Work instruction
These entries must be printed again exactly as they are.

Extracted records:
• • •

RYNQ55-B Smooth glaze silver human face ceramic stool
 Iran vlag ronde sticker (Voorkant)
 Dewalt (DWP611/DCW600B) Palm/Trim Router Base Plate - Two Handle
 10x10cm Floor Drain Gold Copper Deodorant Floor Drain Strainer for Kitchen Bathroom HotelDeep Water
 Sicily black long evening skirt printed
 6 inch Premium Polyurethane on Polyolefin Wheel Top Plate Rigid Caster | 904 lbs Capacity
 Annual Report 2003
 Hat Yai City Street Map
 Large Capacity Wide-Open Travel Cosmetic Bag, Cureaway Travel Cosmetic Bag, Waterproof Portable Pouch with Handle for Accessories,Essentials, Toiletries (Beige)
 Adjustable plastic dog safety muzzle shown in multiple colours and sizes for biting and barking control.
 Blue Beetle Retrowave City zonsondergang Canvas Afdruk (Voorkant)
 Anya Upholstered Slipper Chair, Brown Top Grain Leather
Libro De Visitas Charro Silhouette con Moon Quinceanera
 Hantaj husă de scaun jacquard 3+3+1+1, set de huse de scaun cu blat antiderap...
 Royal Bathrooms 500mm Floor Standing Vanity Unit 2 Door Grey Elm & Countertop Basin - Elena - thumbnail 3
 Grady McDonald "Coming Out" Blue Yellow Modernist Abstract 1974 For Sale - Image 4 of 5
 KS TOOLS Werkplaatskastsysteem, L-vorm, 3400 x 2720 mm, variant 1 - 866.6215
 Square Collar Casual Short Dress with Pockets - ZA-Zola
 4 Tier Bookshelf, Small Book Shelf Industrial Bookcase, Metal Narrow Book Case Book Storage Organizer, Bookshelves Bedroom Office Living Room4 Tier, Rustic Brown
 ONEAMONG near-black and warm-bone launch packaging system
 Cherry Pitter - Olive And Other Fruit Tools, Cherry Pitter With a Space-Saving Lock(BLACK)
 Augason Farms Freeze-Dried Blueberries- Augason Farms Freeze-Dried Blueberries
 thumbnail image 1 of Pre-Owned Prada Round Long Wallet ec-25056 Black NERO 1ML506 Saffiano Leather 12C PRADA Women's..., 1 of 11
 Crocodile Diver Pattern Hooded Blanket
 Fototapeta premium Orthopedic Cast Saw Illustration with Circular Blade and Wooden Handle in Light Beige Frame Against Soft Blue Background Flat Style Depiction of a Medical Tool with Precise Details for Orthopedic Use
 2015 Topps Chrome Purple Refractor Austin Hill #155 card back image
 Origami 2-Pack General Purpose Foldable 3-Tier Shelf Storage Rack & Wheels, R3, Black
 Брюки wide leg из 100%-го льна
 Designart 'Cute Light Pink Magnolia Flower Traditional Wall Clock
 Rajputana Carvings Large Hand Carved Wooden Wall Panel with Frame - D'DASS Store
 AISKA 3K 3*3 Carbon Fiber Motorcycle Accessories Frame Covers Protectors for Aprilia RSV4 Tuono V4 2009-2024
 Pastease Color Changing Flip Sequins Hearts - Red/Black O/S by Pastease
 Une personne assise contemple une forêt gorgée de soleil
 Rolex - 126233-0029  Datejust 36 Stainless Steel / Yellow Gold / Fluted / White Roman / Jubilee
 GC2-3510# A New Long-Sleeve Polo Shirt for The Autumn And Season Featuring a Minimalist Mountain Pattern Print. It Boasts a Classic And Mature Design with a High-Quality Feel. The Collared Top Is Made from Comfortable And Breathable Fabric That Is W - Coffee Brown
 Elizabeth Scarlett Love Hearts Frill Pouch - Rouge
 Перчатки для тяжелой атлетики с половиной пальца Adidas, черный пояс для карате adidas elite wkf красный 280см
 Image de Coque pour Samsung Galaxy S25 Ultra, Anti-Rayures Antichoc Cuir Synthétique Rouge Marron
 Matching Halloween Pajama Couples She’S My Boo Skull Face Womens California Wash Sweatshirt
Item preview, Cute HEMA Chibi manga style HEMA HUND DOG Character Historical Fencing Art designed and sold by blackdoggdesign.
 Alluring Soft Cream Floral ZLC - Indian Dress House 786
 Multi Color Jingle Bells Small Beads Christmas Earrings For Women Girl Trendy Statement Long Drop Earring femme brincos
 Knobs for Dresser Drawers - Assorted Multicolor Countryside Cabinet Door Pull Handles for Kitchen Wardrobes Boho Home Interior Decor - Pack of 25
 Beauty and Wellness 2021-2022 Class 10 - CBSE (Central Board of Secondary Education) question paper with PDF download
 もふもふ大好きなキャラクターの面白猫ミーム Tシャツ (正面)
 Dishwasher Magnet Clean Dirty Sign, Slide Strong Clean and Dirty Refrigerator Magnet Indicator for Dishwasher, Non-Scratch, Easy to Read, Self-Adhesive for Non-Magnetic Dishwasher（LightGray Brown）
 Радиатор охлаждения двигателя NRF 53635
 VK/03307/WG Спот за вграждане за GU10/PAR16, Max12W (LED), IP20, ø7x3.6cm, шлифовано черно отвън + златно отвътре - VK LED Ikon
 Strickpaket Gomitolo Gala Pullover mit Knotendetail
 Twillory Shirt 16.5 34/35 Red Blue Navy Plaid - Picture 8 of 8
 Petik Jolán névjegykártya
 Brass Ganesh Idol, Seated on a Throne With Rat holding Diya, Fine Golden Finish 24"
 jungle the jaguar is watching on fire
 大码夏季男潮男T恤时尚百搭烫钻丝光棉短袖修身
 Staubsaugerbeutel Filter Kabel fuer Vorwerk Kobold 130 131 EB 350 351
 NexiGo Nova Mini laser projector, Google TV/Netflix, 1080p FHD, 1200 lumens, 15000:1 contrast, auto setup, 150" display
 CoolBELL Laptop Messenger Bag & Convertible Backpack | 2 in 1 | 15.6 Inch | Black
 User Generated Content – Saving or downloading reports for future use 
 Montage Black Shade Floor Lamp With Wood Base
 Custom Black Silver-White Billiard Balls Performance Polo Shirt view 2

• • •

Completed task
RYNQ55-B Smooth glaze silver human face ceramic stool
 Iran vlag ronde sticker (Voorkant)
 Dewalt (DWP611/DCW600B) Palm/Trim Router Base Plate - Two Handle
 10x10cm Floor Drain Gold Copper Deodorant Floor Drain Strainer for Kitchen Bathroom HotelDeep Water
 Sicily black long evening skirt printed
 6 inch Premium Polyurethane on Polyolefin Wheel Top Plate Rigid Caster | 904 lbs Capacity
 Annual Report 2003
 Hat Yai City Street Map
 Large Capacity Wide-Open Travel Cosmetic Bag, Cureaway Travel Cosmetic Bag, Waterproof Portable Pouch with Handle for Accessories,Essentials, Toiletries (Beige)
 Adjustable plastic dog safety muzzle shown in multiple colours and sizes for biting and barking control.
 Blue Beetle Retrowave City zonsondergang Canvas Afdruk (Voorkant)
 Anya Upholstered Slipper Chair, Brown Top Grain Leather
Libro De Visitas Charro Silhouette con Moon Quinceanera
 Hantaj husă de scaun jacquard 3+3+1+1, set de huse de scaun cu blat antiderap...
 Royal Bathrooms 500mm Floor Standing Vanity Unit 2 Door Grey Elm & Countertop Basin - Elena - thumbnail 3
 Grady McDonald "Coming Out" Blue Yellow Modernist Abstract 1974 For Sale - Image 4 of 5
 KS TOOLS Werkplaatskastsysteem, L-vorm, 3400 x 2720 mm, variant 1 - 866.6215
 Square Collar Casual Short Dress with Pockets - ZA-Zola
 4 Tier Bookshelf, Small Book Shelf Industrial Bookcase, Metal Narrow Book Case Book Storage Organizer, Bookshelves Bedroom Office Living Room4 Tier, Rustic Brown
 ONEAMONG near-black and warm-bone launch packaging system
 Cherry Pitter - Olive And Other Fruit Tools, Cherry Pitter With a Space-Saving Lock(BLACK)
 Augason Farms Freeze-Dried Blueberries- Augason Farms Freeze-Dried Blueberries
 thumbnail image 1 of Pre-Owned Prada Round Long Wallet ec-25056 Black NERO 1ML506 Saffiano Leather 12C PRADA Women's..., 1 of 11
 Crocodile Diver Pattern Hooded Blanket
 Fototapeta premium Orthopedic Cast Saw Illustration with Circular Blade and Wooden Handle in Light Beige Frame Against Soft Blue Background Flat Style Depiction of a Medical Tool with Precise Details for Orthopedic Use
 2015 Topps Chrome Purple Refractor Austin Hill #155 card back image
 Origami 2-Pack General Purpose Foldable 3-Tier Shelf Storage Rack & Wheels, R3, Black
 Брюки wide leg из 100%-го льна
 Designart 'Cute Light Pink Magnolia Flower Traditional Wall Clock
 Rajputana Carvings Large Hand Carved Wooden Wall Panel with Frame - D'DASS Store
 AISKA 3K 3*3 Carbon Fiber Motorcycle Accessories Frame Covers Protectors for Aprilia RSV4 Tuono V4 2009-2024
 Pastease Color Changing Flip Sequins Hearts - Red/Black O/S by Pastease
 Une personne assise contemple une forêt gorgée de soleil
 Rolex - 126233-0029  Datejust 36 Stainless Steel / Yellow Gold / Fluted / White Roman / Jubilee
 GC2-3510# A New Long-Sleeve Polo Shirt for The Autumn And Season Featuring a Minimalist Mountain Pattern Print. It Boasts a Classic And Mature Design with a High-Quality Feel. The Collared Top Is Made from Comfortable And Breathable Fabric That Is W - Coffee Brown
 Elizabeth Scarlett Love Hearts Frill Pouch - Rouge
 Перчатки для тяжелой атлетики с половиной пальца Adidas, черный пояс для карате adidas elite wkf красный 280см
 Image de Coque pour Samsung Galaxy S25 Ultra, Anti-Rayures Antichoc Cuir Synthétique Rouge Marron
 Matching Halloween Pajama Couples She’S My Boo Skull Face Womens California Wash Sweatshirt
Item preview, Cute HEMA Chibi manga style HEMA HUND DOG Character Historical Fencing Art designed and sold by blackdoggdesign.
 Alluring Soft Cream Floral ZLC - Indian Dress House 786
 Multi Color Jingle Bells Small Beads Christmas Earrings For Women Girl Trendy Statement Long Drop Earring femme brincos
 Knobs for Dresser Drawers - Assorted Multicolor Countryside Cabinet Door Pull Handles for Kitchen Wardrobes Boho Home Interior Decor - Pack of 25
 Beauty and Wellness 2021-2022 Class 10 - CBSE (Central Board of Secondary Education) question paper with PDF download
 もふもふ大好きなキャラクターの面白猫ミーム Tシャツ (正面)
 Dishwasher Magnet Clean Dirty Sign, Slide Strong Clean and Dirty Refrigerator Magnet Indicator for Dishwasher, Non-Scratch, Easy to Read, Self-Adhesive for Non-Magnetic Dishwasher（LightGray Brown）
 Радиатор охлаждения двигателя NRF 53635
 VK/03307/WG Спот за вграждане за GU10/PAR16, Max12W (LED), IP20, ø7x3.6cm, шлифовано черно отвън + златно отвътре - VK LED Ikon
 Strickpaket Gomitolo Gala Pullover mit Knotendetail
 Twillory Shirt 16.5 34/35 Red Blue Navy Plaid - Picture 8 of 8
 Petik Jolán névjegykártya
 Brass Ganesh Idol, Seated on a Throne With Rat holding Diya, Fine Golden Finish 24"
 jungle the jaguar is watching on fire
 大码夏季男潮男T恤时尚百搭烫钻丝光棉短袖修身
 Staubsaugerbeutel Filter Kabel fuer Vorwerk Kobold 130 131 EB 350 351
 NexiGo Nova Mini laser projector, Google TV/Netflix, 1080p FHD, 1200 lumens, 15000:1 contrast, auto setup, 150" display
 CoolBELL Laptop Messenger Bag & Convertible Backpack | 2 in 1 | 15.6 Inch | Black
 User Generated Content – Saving or downloading reports for future use 
 Montage Black Shade Floor Lamp With Wood Base
 Custom Black Silver-White Billiard Balls Performance Polo Shirt view 2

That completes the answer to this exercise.